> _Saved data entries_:
□ □ □ □

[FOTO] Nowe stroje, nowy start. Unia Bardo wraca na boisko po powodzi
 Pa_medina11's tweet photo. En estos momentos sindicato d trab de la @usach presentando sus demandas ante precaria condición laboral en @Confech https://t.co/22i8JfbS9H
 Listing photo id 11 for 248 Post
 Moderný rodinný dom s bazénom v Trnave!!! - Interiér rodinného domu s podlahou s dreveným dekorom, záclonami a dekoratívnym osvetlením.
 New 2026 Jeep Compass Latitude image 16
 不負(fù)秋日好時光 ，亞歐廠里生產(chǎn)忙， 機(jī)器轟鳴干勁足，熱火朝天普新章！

□ □ □ □

> _WHAT YOU HAVE TO DO_:
In the entries above, take the line containing "New 2026 Jeep Compass Latitude image 16" and each later line through the last, and repeat them exactly. Output nothing else.

> _RESPONSE BOX_:
 New 2026 Jeep Compass Latitude image 16
 不負(fù)秋日好時光 ，亞歐廠里生產(chǎn)忙， 機(jī)器轟鳴干勁足，熱火朝天普新章！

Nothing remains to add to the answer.